When you copy the listing, reproduce each line as it appears and omit every image.

Collected data:

◇ ◇ ◇ ◇ ◇ ◇ ◇

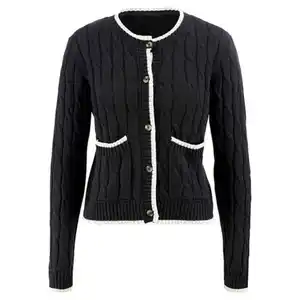 UP2FASHION WOMEN Damen Cardigan, Schwarz, S (36/38)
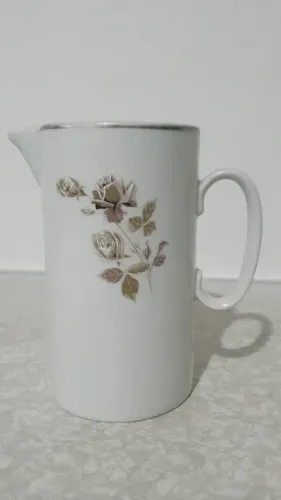 Leiteira Porcelana Renner com Flores -  anos 70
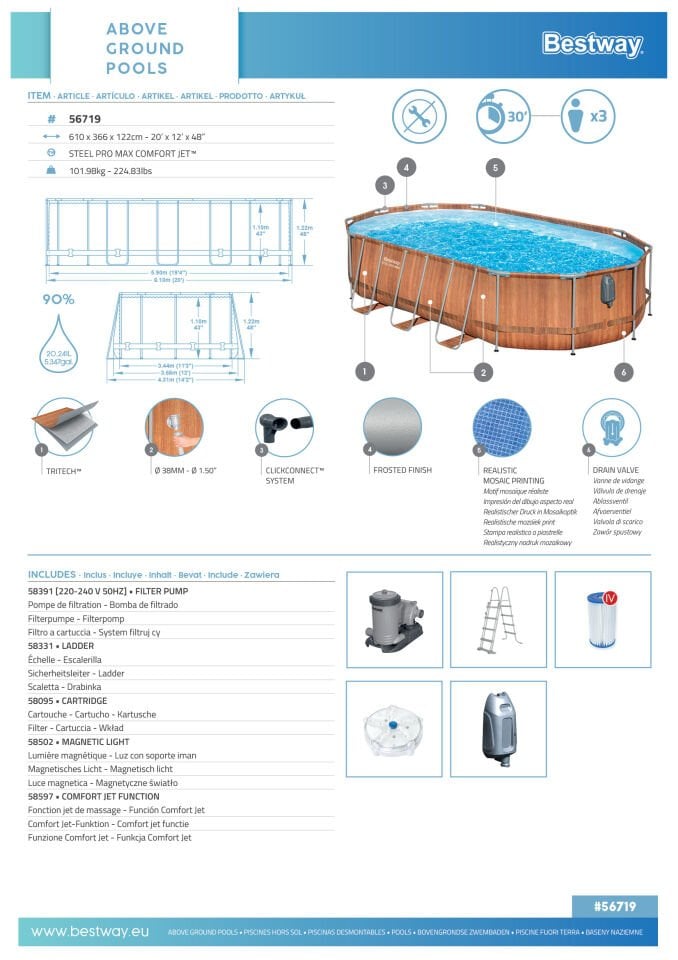 Bestway® Power Steel™ Comfort Jet™ Serisi Prefabrik Yer Üstü Havuz Seti 6,10 m x 3,66 m x 1,22 m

◇ ◇ ◇ ◇ ◇ ◇ ◇

Expected answer:
 UP2FASHION WOMEN Damen Cardigan, Schwarz, S (36/38)
 Leiteira Porcelana Renner com Flores -  anos 70
 Bestway® Power Steel™ Comfort Jet™ Serisi Prefabrik Yer Üstü Havuz Seti 6,10 m x 3,66 m x 1,22 m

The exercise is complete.